— INFORMATION SUPPLIED —
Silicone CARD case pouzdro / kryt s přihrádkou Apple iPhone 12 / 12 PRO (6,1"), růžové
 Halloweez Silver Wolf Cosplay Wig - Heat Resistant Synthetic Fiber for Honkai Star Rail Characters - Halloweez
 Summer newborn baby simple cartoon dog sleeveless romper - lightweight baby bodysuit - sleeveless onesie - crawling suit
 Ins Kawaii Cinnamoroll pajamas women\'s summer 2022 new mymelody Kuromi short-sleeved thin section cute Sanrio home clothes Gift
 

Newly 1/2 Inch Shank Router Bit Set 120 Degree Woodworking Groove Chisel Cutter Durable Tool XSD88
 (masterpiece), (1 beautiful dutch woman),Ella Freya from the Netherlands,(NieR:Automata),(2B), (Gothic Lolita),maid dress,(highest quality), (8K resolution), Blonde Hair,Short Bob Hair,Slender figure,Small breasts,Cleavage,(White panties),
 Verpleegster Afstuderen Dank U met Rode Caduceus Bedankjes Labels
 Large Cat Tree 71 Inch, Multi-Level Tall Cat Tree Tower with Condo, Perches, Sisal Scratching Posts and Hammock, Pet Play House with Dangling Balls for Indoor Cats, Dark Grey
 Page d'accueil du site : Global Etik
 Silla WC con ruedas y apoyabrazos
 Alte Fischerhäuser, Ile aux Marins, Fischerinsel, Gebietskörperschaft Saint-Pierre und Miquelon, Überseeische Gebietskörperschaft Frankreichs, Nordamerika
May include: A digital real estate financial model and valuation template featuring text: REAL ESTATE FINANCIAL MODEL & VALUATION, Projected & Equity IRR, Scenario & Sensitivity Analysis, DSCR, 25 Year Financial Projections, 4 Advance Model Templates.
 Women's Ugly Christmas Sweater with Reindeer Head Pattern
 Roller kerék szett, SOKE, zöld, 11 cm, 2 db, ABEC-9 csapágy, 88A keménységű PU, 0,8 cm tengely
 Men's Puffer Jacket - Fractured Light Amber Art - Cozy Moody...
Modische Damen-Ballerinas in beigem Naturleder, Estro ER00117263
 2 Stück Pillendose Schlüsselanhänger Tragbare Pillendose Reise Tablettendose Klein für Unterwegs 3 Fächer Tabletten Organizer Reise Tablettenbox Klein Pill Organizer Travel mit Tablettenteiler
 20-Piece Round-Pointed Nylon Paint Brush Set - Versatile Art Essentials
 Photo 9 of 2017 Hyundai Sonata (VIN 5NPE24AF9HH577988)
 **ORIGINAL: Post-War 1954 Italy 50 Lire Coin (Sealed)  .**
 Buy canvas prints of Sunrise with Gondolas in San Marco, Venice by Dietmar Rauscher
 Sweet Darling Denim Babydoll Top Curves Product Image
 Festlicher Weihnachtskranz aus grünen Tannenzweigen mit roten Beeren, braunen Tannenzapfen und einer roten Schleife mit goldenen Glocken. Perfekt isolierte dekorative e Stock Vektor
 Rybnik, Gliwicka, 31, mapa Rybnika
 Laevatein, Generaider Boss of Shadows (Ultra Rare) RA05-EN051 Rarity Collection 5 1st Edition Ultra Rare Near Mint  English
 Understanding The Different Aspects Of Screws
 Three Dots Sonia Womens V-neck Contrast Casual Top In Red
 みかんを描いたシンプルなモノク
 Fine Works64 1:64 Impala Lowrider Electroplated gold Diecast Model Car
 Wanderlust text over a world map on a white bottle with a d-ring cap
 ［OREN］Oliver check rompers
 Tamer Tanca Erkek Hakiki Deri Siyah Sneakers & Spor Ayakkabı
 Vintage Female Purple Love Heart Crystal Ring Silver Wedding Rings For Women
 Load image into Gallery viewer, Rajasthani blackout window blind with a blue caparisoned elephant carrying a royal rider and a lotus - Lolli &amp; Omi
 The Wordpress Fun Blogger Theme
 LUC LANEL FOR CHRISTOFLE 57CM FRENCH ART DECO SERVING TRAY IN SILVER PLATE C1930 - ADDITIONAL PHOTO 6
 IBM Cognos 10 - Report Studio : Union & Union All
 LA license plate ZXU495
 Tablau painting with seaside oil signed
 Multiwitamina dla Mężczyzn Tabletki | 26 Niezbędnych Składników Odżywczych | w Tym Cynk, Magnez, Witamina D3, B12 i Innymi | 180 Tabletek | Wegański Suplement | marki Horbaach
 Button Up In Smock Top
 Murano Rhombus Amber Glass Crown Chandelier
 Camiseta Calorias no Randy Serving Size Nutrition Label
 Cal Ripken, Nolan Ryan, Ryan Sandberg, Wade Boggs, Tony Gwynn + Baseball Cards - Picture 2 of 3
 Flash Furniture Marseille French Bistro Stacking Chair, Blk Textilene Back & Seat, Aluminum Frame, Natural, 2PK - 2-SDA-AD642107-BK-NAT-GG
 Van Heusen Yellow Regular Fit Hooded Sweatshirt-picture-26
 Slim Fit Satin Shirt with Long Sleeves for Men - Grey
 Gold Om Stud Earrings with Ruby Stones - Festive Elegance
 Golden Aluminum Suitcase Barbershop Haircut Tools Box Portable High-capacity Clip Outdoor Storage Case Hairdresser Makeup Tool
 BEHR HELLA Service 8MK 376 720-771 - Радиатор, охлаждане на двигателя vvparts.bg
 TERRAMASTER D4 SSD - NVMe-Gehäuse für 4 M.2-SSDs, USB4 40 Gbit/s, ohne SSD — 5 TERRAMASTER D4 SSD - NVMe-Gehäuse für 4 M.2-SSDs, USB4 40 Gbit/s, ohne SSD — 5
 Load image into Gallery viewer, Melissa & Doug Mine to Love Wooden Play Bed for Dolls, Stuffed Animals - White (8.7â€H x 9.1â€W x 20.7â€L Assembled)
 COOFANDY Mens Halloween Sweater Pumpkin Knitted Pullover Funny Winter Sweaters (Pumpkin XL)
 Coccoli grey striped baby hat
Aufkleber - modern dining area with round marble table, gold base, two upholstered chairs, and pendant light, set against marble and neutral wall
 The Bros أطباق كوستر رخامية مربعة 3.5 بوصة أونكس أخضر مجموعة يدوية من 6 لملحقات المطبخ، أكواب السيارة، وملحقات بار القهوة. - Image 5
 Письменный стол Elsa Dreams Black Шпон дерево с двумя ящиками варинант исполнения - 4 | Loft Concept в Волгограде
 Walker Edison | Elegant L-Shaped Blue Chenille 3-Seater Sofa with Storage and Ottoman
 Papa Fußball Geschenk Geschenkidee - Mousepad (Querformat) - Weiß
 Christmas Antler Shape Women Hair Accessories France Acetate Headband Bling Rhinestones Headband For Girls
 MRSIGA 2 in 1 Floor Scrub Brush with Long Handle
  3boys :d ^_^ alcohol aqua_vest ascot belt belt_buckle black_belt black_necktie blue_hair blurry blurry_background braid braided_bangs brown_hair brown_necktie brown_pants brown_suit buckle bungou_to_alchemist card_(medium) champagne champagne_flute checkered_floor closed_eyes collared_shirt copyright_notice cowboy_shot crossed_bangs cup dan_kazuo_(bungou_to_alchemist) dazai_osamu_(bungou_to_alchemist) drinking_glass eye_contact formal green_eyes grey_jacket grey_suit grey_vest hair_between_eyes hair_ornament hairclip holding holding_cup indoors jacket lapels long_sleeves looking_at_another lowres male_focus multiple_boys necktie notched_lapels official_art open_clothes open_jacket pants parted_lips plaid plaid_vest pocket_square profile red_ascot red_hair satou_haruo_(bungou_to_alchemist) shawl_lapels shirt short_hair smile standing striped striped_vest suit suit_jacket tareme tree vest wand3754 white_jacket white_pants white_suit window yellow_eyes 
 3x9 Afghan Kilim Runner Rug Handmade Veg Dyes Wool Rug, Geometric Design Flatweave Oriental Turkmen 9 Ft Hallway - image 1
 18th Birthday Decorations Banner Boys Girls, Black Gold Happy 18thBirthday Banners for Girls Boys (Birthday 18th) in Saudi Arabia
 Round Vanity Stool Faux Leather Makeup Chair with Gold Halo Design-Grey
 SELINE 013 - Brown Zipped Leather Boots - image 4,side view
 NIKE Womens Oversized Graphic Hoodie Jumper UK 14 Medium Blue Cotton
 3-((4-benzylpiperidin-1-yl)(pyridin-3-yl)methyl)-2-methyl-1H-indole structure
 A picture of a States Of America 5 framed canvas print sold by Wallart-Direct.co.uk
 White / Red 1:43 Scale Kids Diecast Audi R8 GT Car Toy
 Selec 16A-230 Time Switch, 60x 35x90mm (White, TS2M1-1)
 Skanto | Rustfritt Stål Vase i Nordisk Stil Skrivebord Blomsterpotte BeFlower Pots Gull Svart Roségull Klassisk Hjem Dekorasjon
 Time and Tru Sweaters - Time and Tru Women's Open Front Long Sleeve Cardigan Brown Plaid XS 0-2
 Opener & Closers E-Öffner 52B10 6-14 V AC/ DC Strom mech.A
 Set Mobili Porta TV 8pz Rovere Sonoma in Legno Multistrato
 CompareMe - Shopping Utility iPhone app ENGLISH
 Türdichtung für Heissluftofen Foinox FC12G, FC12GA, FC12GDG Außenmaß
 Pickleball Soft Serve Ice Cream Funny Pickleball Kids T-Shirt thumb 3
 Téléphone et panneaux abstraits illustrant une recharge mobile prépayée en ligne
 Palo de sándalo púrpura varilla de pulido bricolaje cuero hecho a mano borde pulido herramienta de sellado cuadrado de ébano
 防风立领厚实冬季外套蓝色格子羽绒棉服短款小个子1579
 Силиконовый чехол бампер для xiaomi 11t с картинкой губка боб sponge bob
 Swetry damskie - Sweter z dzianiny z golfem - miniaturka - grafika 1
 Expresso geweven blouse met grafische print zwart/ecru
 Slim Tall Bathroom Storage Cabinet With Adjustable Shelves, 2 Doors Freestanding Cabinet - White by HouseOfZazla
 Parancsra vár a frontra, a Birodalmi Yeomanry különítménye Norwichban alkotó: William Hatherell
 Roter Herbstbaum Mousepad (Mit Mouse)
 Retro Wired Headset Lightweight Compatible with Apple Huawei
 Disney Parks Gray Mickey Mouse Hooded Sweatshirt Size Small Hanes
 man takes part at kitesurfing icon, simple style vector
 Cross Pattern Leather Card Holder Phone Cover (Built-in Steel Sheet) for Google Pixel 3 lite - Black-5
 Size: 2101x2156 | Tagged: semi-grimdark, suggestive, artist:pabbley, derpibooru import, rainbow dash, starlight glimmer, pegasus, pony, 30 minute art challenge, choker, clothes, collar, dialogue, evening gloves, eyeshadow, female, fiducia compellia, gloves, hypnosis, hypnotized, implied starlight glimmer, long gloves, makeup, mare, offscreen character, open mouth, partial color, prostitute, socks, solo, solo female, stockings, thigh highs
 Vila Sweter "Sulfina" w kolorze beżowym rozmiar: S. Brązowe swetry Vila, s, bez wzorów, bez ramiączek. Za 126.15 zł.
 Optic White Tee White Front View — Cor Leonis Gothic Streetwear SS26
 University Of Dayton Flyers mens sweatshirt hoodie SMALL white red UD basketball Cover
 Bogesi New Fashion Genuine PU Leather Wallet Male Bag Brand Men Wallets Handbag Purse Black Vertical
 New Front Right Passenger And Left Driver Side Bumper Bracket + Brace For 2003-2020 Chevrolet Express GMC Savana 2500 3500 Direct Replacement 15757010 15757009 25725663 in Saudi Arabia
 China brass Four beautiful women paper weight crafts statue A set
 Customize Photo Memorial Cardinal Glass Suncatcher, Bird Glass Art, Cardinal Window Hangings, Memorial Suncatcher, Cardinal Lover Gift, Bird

— PROBLEM TO SOLVE —
Look for the line with "University Of Dayton" in the records above. Repeat it and each line after it exactly.

— WORKED SOLUTION —
 University Of Dayton Flyers mens sweatshirt hoodie SMALL white red UD basketball Cover
 Bogesi New Fashion Genuine PU Leather Wallet Male Bag Brand Men Wallets Handbag Purse Black Vertical
 New Front Right Passenger And Left Driver Side Bumper Bracket + Brace For 2003-2020 Chevrolet Express GMC Savana 2500 3500 Direct Replacement 15757010 15757009 25725663 in Saudi Arabia
 China brass Four beautiful women paper weight crafts statue A set
 Customize Photo Memorial Cardinal Glass Suncatcher, Bird Glass Art, Cardinal Window Hangings, Memorial Suncatcher, Cardinal Lover Gift, Bird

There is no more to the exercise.